Who ne'er knew joy but friendship might divide,

Or gave his father grief but when he died.

Alexander Pope (1688-1744): Epitaph on the Hon. S. Harcourt.

Alone!—that worn-out word,

So idly spoken, and so coldly heard;

Yet all that poets sing and grief hath known

Of hopes laid waste, knells in that word Alone!

Edward Bulwer Lytton (1805-1873): The New Timon. (1846.) Part ii.

The glory dies not, and the grief is past.

Samuel Egerton Brydges (1762-1837): Sonnet on the Death of Sir Walter Scott.

I will instruct my sorrows to be proud;

For grief is proud, and makes his owner stoop.

William Shakespeare (1564-1616): King John. Act iii. Sc. 1.

My grief lies onward and my joy behind.

William Shakespeare (1564-1616): Sonnet l.

No greater grief than to remember days

Of joy when misery is at hand.

Dante (1265-1321): Hell. Canto v. Line 121.

  Honour pricks me on. Yea, but how if honour prick me off when I come on,—how then? Can honour set to a leg? no: or an arm? no: or take away the grief of a wound? no. Honour hath no skill in surgery, then? no. What is honour? a word. What is in that word honour; what is that honour? air. A trim reckoning! Who hath it? he that died o' Wednesday. Doth he feel it? no. Doth he hear it? no. 'T is insensible, then? yea, to the dead. But will it not live with the living? no. Why? detraction will not suffer it. Therefore I 'll none of it. Honour is a mere scutcheon. And so ends my catechism.

William Shakespeare (1564-1616): King Henry IV. Part I. Act v. Sc. 1.

No blessed leisure for love or hope,

But only time for grief.

Thomas Hood (1798-1845): The Song of the Shirt.

What's gone and what's past help

Should be past grief.

William Shakespeare (1564-1616): The Winter's Tale. Act iii. Sc. 2.

  An you had any eye behind you, you might see more detraction at your heels than fortunes before you.

William Shakespeare (1564-1616): Twelfth Night. Act ii. Sc. 5.

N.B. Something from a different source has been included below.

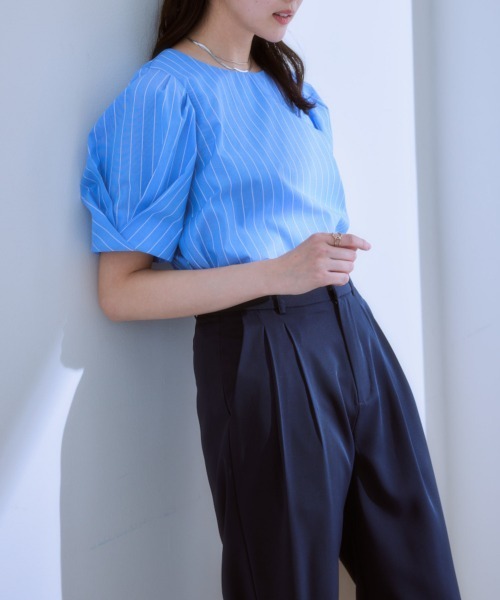 7days Life Styling(セブンデイズライフスタイリング)の「綿ブロード袖タックブラウス(シャツ/ブラウス・レディース・ホワイト系/サックスブルー系・L/M/LL)」の3枚目の写真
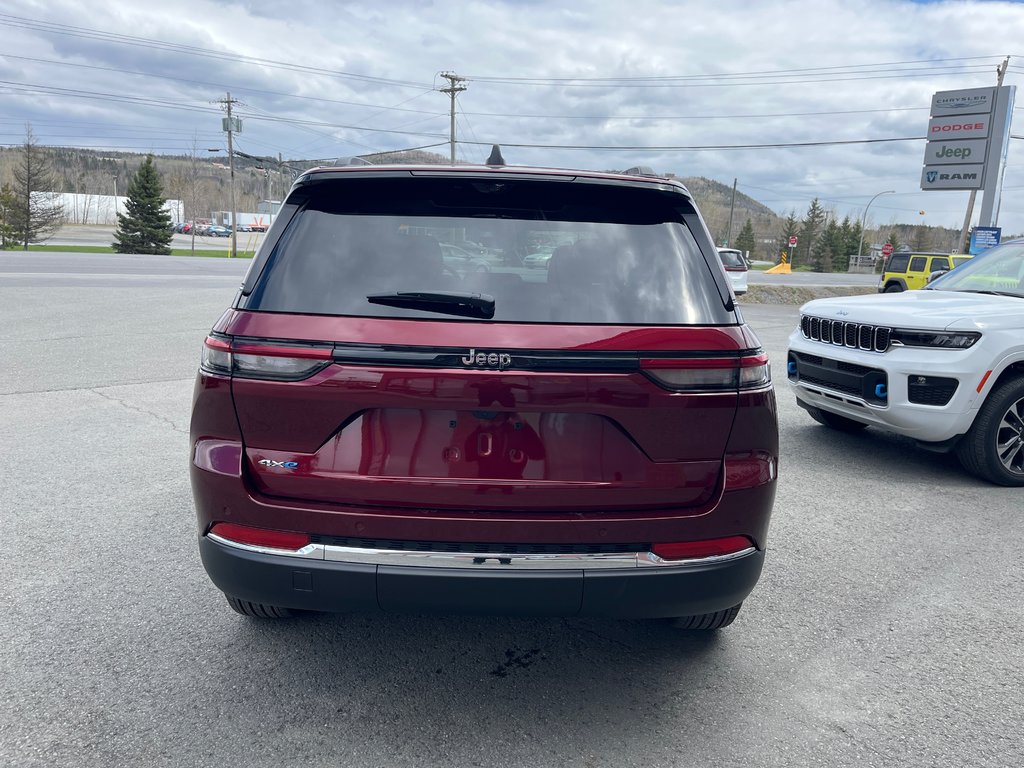 2023  Grand Cherokee 4xe 4XE in Grand-Sault and Edmunston, New Brunswick - 5 - w1024h768px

'T is better to be lowly born,

And range with humble livers in content,

Than to be perked up in a glistering grief,

And wear a golden sorrow.

William Shakespeare (1564-1616): King Henry VIII. Act ii. Sc. 3.

  A plague of sighing and grief! It blows a man up like a bladder.

William Shakespeare (1564-1616): King Henry IV. Part I. Act ii. Sc. 4.

In all the silent manliness of grief.

Oliver Goldsmith (1728-1774): The Deserted Village. Line 384.

Still so gently o'er me stealing,

Mem'ry will bring back the feeling,

Spite of all my grief revealing,

That I love thee,—that I dearly love thee still.

Opera of La Sonnambula.

Grief tears his heart, and drives him to and fro

In all the raging impotence of woe.

Alexander Pope (1688-1744): The Iliad of Homer. Book xxii. Line 526.

Give sorrow words: the grief that does not speak

Whispers the o'er-fraught heart and bids it break.

William Shakespeare (1564-1616): Macbeth. Act iv. Sc. 3.

Thus grief still treads upon the heels of pleasure;

Married in haste, we may repent at leisure.

William Congreve (1670-1729): The Old Bachelor. Act v. Sc. 1.

Men

Can counsel and speak comfort to that grief

Which they themselves not feel.

William Shakespeare (1564-1616): Much Ado about Nothing. Act v. Sc. 1.

Patch grief with proverbs.

William Shakespeare (1564-1616): Much Ado about Nothing. Act v. Sc. 1.